Military recruiting is weathering wars in Iraq and Afghanistan and an improving economy with surprising strength, said Dr. Curtis Gilroy, the Defense Department’s director of recruiting policy.
The 2003 recruiting year did have some disappointments. The active Army again recruited fewer high school graduates than needed to meet a standard quality target. The Army National Guard missed its annual recruiting goal by 8,000 contracts.
But even these few trouble spots for recruiters, Gilroy said, appeared to be easing in fiscal 2004, which began Oct. 1.
Retention soon could overshadow recruiting as the critical manpower issue from the war in Iraq. The services face the challenge of keeping experienced, well-trained careerists, including mobilized reservists, after so many have seen their lives changed and families disrupted by tours in Southwest Asia. So far, meaningful retention data have been masked by stop-loss orders and the length of current combat assignments.
But no matter how far retention rates might dip, the continued success of the all-volunteer force (AVF) will depend on attracting sufficient numbers of high-quality recruits. That is Gilroy’s area of expertise, and he’s optimistic.
“We entered fiscal 2004 with a very healthy inventory of individuals who have signed a contract and are waiting to ship under the Delayed Entry Program,” said Gilroy. The DEP numbers, he said, are “almost at record levels” with all the services having already signed at least half of all the recruits they need through next September.
“This is an interesting phenomenon,” Gilroy said. “The numbers do not bear out what we read in the newspapers [about rising interest in a military draft] and what some of our political candidates are espousing.”
Interviewed Dec. 2 at the Pentagon, Gilroy dismissed any notion that the 30-year volunteer force is under so much strain that a return to conscription is possible or — sillier still in his view — even desirable.
“It’s the furthest thing from our minds,” said Gilroy, “because our forces are so successful on the battlefield, and in other missions as well. It’s not only a combat-effective force but it’s a cost-efficient force.”
A volunteer military sees far less turnover, which lowers training costs. Personnel are of higher quality than draftees. They also are older, better trained and more satisfied with pay and lifestyle, which means higher morale.
Critics who believe war in Iraq endangers the AVF should recall, Gilroy suggested, that America for the last 15 years of the Cold War fielded a volunteer force that was 50 percent larger and needed 50 percent more recruits than today. It could do so again, with adequate funding.
But recruiting in 2003 was “outstanding,” Gilroy said, and 2004 could be even stronger, assuming no sudden expansion of the civilian job market.
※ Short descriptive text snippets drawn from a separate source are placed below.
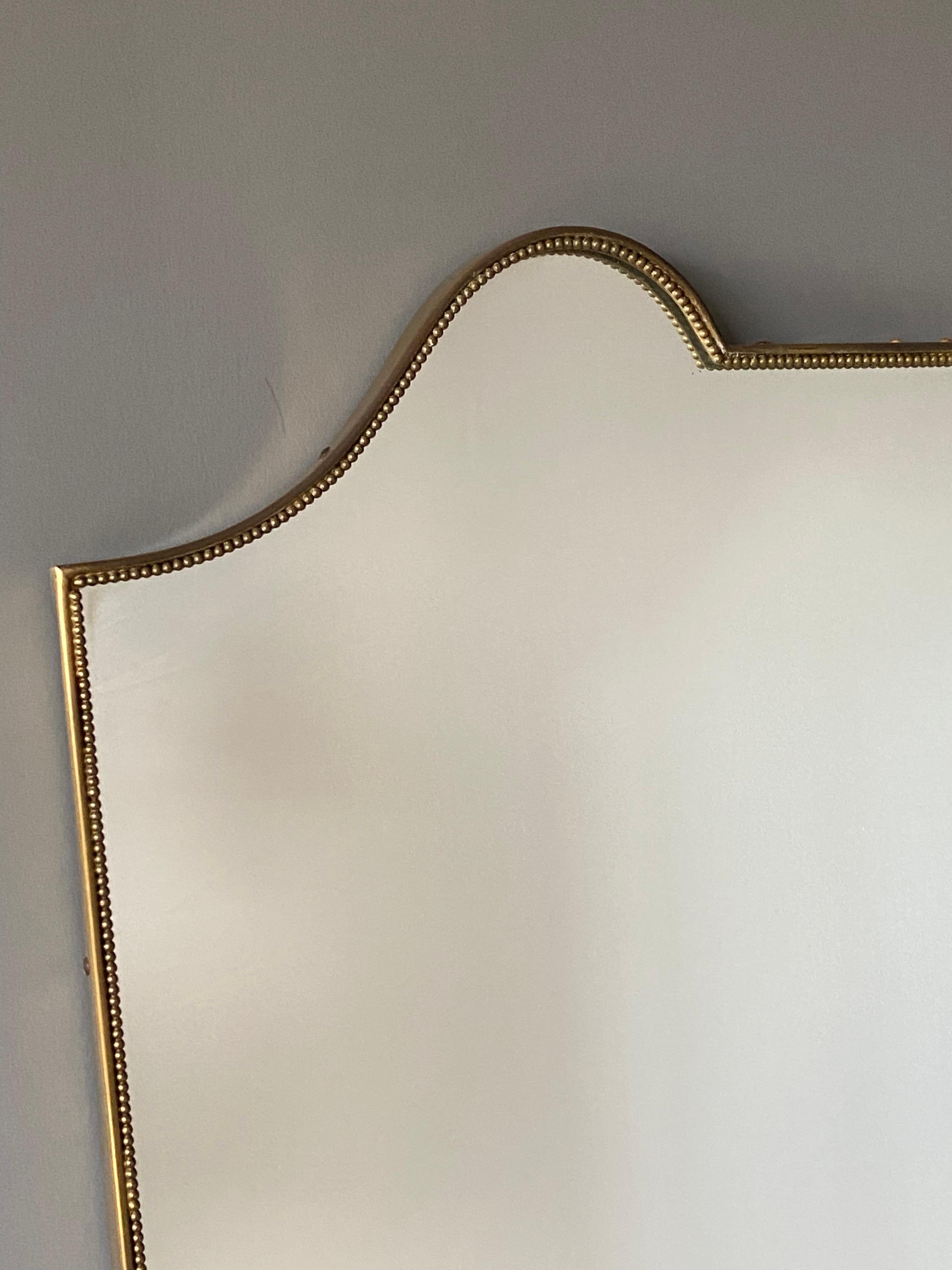 Italian, Sizable Organic Wall Mirror, Brass, Mirror Glass, Italy, 1940s In Good Condition In High Point, NC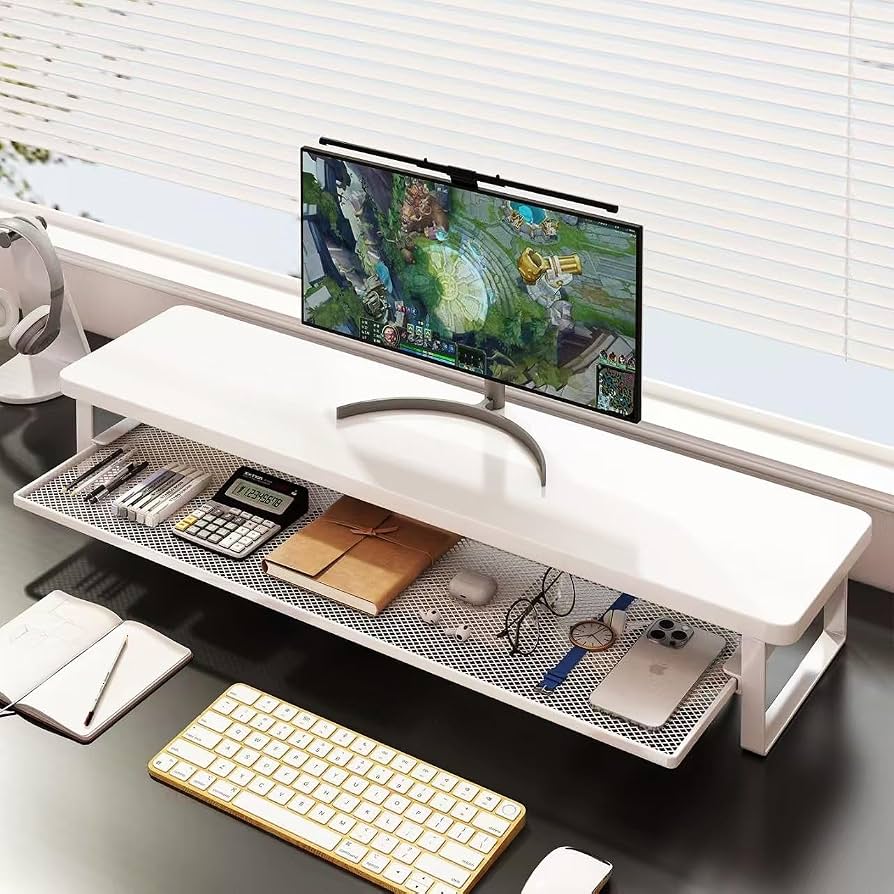 Amazon.co.jp: BNlife モニター台 2段収納 ラック 卓上 スタンド 机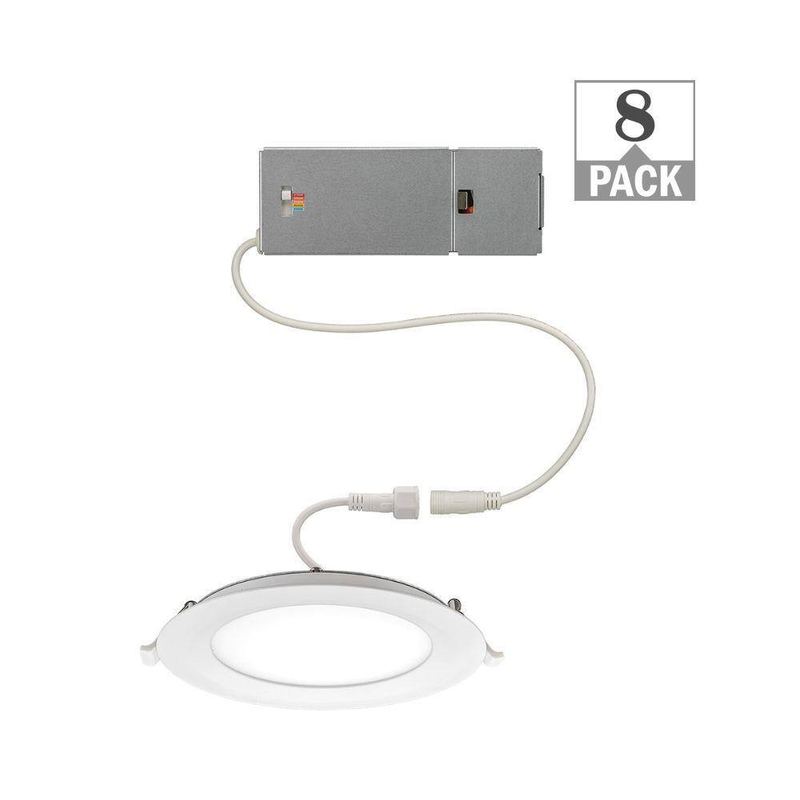 ETI LIGHTING - 8-pack 6 in. Canless Integrated LED Recessed Light Trim 650 Lumens Adjustable CCT New Construction Kitchen Remodel
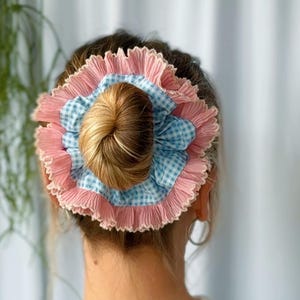 Oversized Gingham Scrunchie with Plisse Trim, Handmade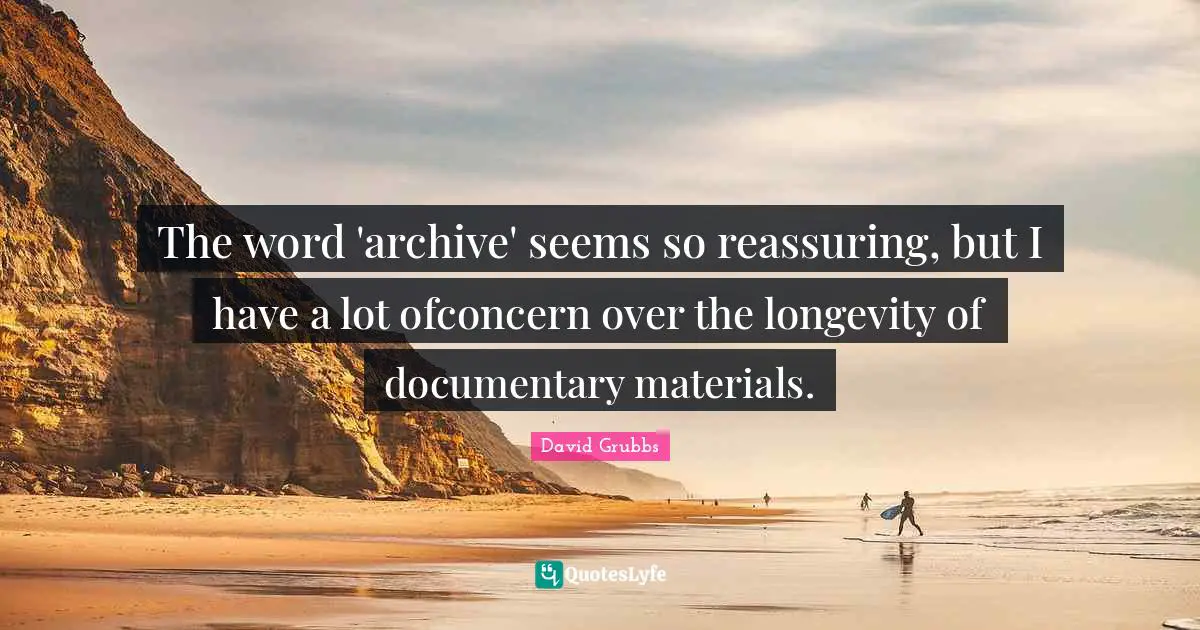 The word 'archive' seems so reassuring, but I have a lot ofconcern over the longevity of documentary materials.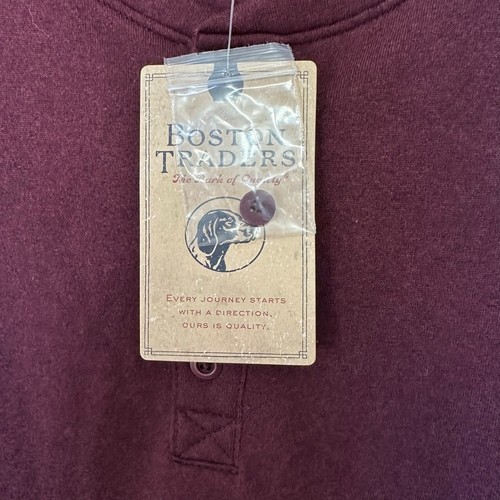 Boston Traders Langarm Henley T-Shirt Größe XL Herren Burgund Neu - Bild 4 von 8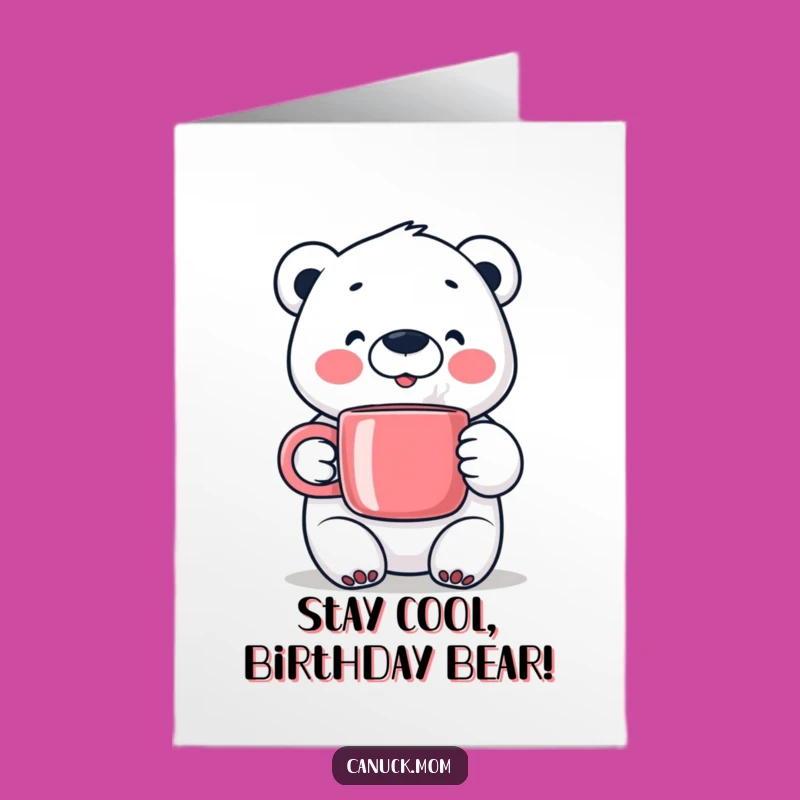 Free Printable Birthday Card: Polar Bear Cheers - Funny & Cozy Gift!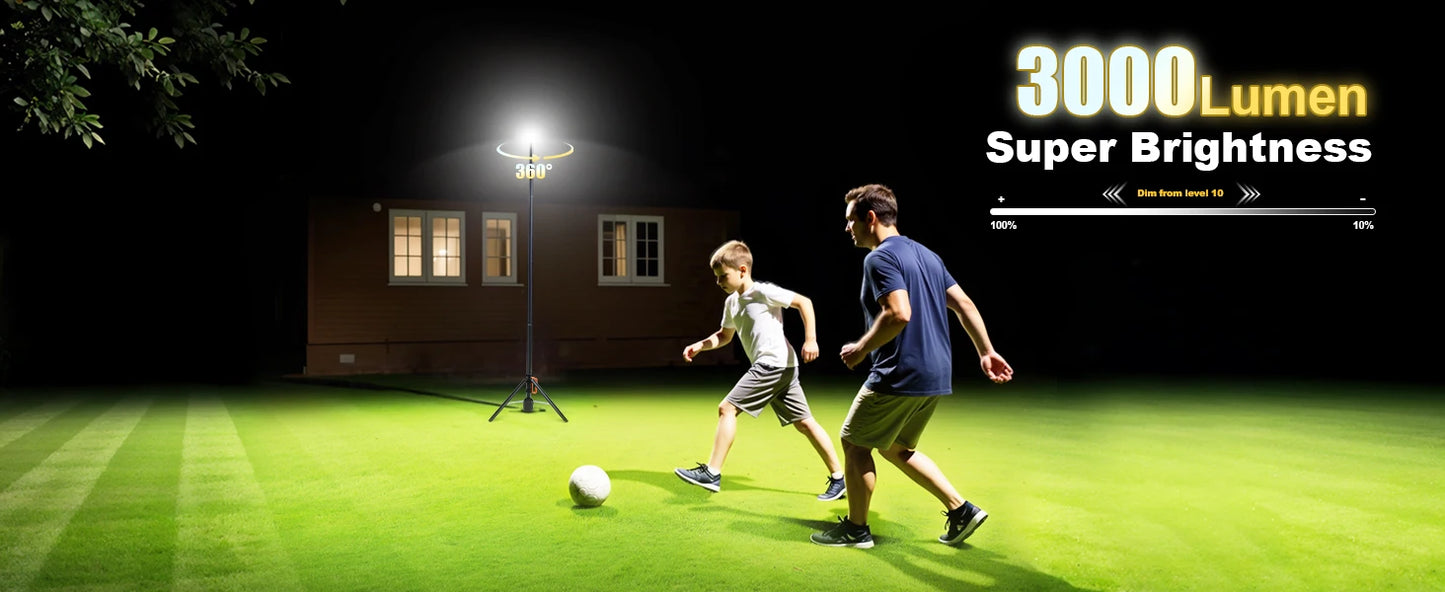 360° Rechargeable Work Light  Remote Control 8.4Ft Max Height 3000LM Ultra Bright 3CCT Dimmable Telescopic Camping Lights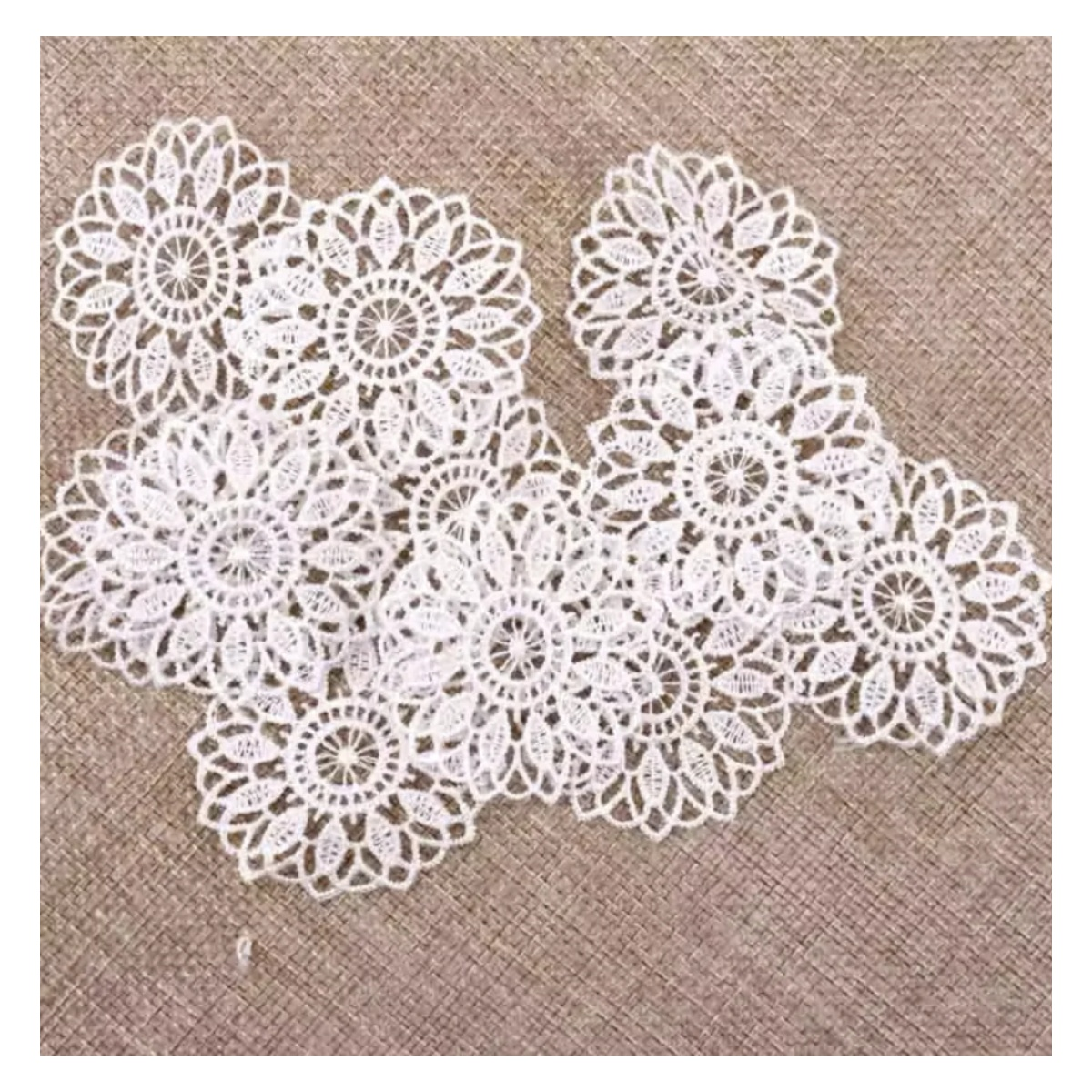 10/30pcs White Net Lace Trim Embroidered Lace Ribbon 30-75mm For Sewing Wedding Decoration DIY Tiny Doily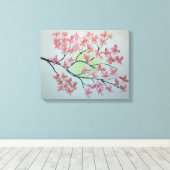 Sakura tak. Olieverfschilderij Canvas Afdruk (Insitu (Houten vloer))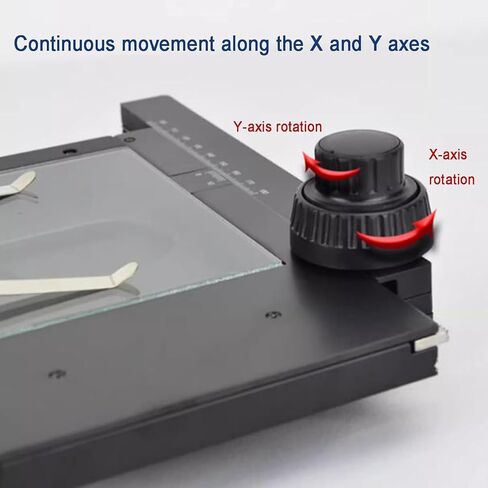 Microscope Xy Gliding Table, Microscope Table High Accuracy Mobile, Horizontal Travel Range 75mm, Vertical Travel Range 56mm, Reading Accuracy 1mm, for Micro Photography, Examination in Kuwait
The services use two benchmarks to judge success in signing “quality” volunteers. One is at least 60 percent of recruits scoring average or above on the Armed Forces Qualification Test, which measures mental aptitude. Test scores in Categories I through IIIA fall in that range.
Most other recruits are IIIB, slightly below average. The Navy and Air Force try to avoid signing any Category IV recruits. “Cat IVs” are less than 2 percent of Army recruits and below 1 percent of new Marines.
In fiscal 2003, all active and reserve components, except the Army National Guard, surpassed 60 percent Cat I-IIIA recruits. The Army Guard just hit the 60 percent mark. The Navy said 66 percent of its new sailors scored average or above. The Air Force reported 81 percent. Seventy-three percent of Army recruits scored average or above, the best showing since 1991. The Marine Corps’ 69 percent was its best in nine years.
A second quality benchmark is to have 90 percent high school graduates. A recruit with a diploma is twice as likely as a nongraduate, or holder of a high school equivalency certificate, to complete their enlistment.
Last fiscal year, 99 percent of Air Force recruits, 98 percent of new Marines and 94 percent of new sailors had diplomas. The Army total of 93 percent graduates had an asterisk beside it, for good reason.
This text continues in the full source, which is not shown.